Ian Wilder, executive director of Long Island Housing Services. Credit: Newsday/Thomas A. Ferrara

A coalition of New York housing and legal aid nonprofits want Gov. Kathy Hochul to restore funding they use to help people facing foreclosure, and state lawmakers Wednesday questioned why that money was left out of the governor's budget proposal.  

The funding supports nonprofits that carry out the work of the Homeowner Protection Program, which is known as HOPP. The group of 89 nonprofits, including 14 on Long Island, wrote to the governor Tuesday to request that she include $40 million for HOPP as an amendment to her executive budget proposal for fiscal 2024, which starts April 1. The governor can issue amendments to her executive budget for 30 days after its release date, which was Feb. 1 this year. Otherwise, it will be up to the state Legislature.

The state allocated $35 million for HOPP last year, but the program was omitted from Hochul’s budget proposal for the upcoming fiscal year that starts April 1. If the state doesn’t fund the program, the nonprofits’ contracts for HOPP are set to expire July 15. 

 

“There would be no foreclosure prevention services as we know it in the state,” said Lisa Milas, a staff attorney and program manager at Empire Justice Center in Central Islip, who oversees the grants to HOPP agencies outside New York City.

The state has funded nonprofits to perform foreclosure prevention services since 2008 and established the HOPP program in 2012 under the purview of the state Attorney General’s office at $20 million a year. Initially, the state used money from settlements with banks that engaged in abusive mortgage servicing practices. 
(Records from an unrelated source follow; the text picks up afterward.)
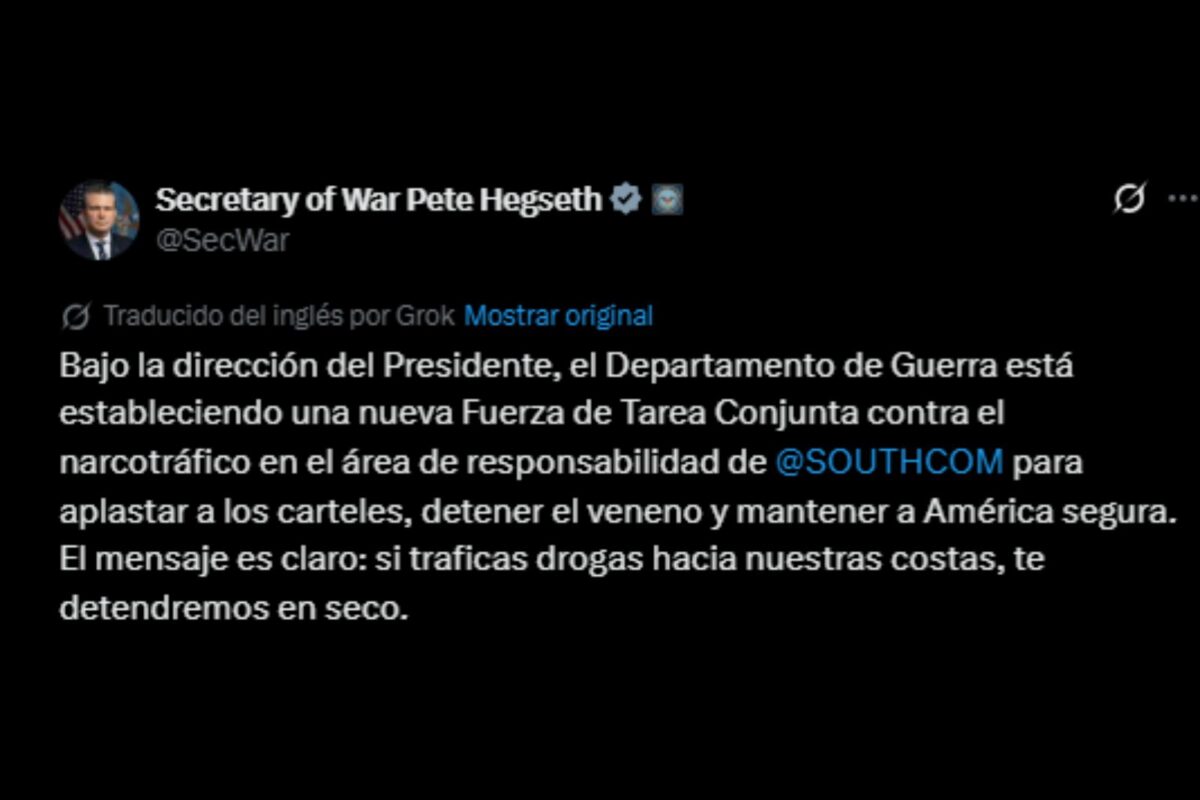 EE UU anunció nuevas acciones contra el narcotráfico en el hemisferio occidental
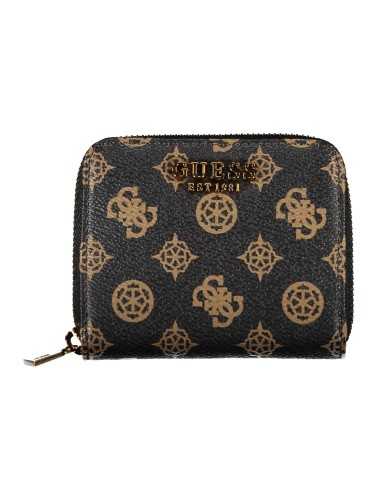 GUESS JEANS WALLET WOMAN BROWN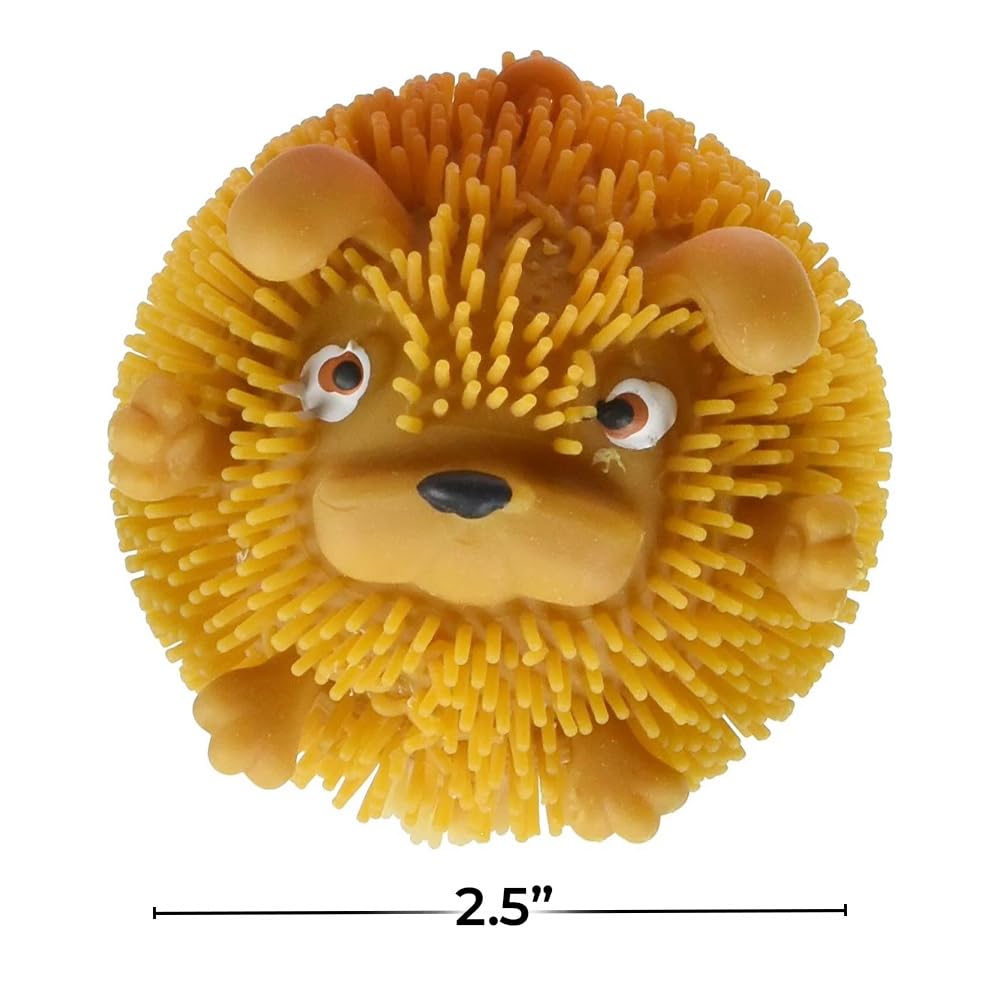 RIN Squishy Farm Critters - Box of 12 Adorable Animal Stress Relief Toys for Kids & Adults | Perfect for Classroom Rewards, Party Favors & Sensory Play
 State lawmakers questioned RuthAnne Visnauskas, commissioner of New York State Homes and Community Renewal, about the lack of funding during a budget hearing Wednesday morning. Visnauskas said the governor had not proposed funding the program because the state believed there was still money remaining from the $35 million it allocated last year. 
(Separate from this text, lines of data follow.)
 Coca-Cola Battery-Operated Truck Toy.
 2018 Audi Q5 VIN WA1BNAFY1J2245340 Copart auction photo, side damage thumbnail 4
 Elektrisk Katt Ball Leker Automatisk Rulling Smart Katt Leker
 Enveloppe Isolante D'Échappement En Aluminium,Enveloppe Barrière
"We have not heard that funding is fully expended but happy to work with you on that," Visnauskas said in response to a question from Assemblywoman Linda Rosenthal, a Manhattan Democrat who chairs the Assembly's housing committee. Visnauskas said some questions would be better answered by the state Attorney General's office, which administers the program. 

Jacob Inwald, director of foreclosure prevention at Legal Services NYC, disputed that explanation later in the hearing, noting the attorney general's office has already committed $34.3 million toward its contracts with nonprofits. 

State Sen. Brian Kavanaugh, a Democrat representing Lower Manhattan who chairs the Senate's housing committee, said he supports restoring the funding. "As in past years, my colleagues and I will be pushing to add that money back," he said. 

How HOPP helps  

Following the 2008 housing crisis, the state passed several laws that aim to keep New Yorkers in their homes, and it relies on the network of housing and legal nonprofits to implement those reforms. State law requires lenders to send homeowners pre-foreclosure notices 90 days before they file a foreclosure case in court; the notices must include a list of five nonprofit housing counseling agencies in the borrower’s area.

There’s also a toll-free hotline run by the agencies, 855-466-3456, to help homeowners struggling to pay their mortgages, and mandatory settlement conferences between lenders and borrowers before foreclosure cases go to trial. The agencies help homeowners navigate the foreclosure process and represent them at the settlement conferences.

Leaving money out of the state budget for HOPP would essentially defund critical elements of those reforms, Milas said.

“That’s what HOPP provides,” she said. “If it’s not funded, the New York state toll-free homeowner hotline goes away, [and] mandatory settlement conferences, as we know it, go away.”

The governor’s office did not respond to Newsday’s questions about funding for the program.

Without that funding, some nonprofits would need to eliminate programs focused on foreclosure, said Madeline Mullane, director of pro bono attorney activities at the Nassau County Bar Association, which has four staff members focused on HOPP. 

“For an agency like ours, that is our sole source of funding,” she said, describing the association’s foreclosure prevention work. “We help hundreds, if not thousands, of homeowners by ourselves every year and act as a kind of intake process for the HOPP network.”

Hochul has identified housing as a key issue in her state budget proposal and crafted policies to encourage the building of 800,000 homes across New York.

HOPP aligns perfectly with those goals, and helping people stay in their homes is cheaper than building new ones, said Ian Wilder, executive director of Long Island Housing Services in Bohemia. 

“Since the program started the state has found a way to fund it every year. My hope is that pattern continues,” Wilder said. “But I can't count on that.”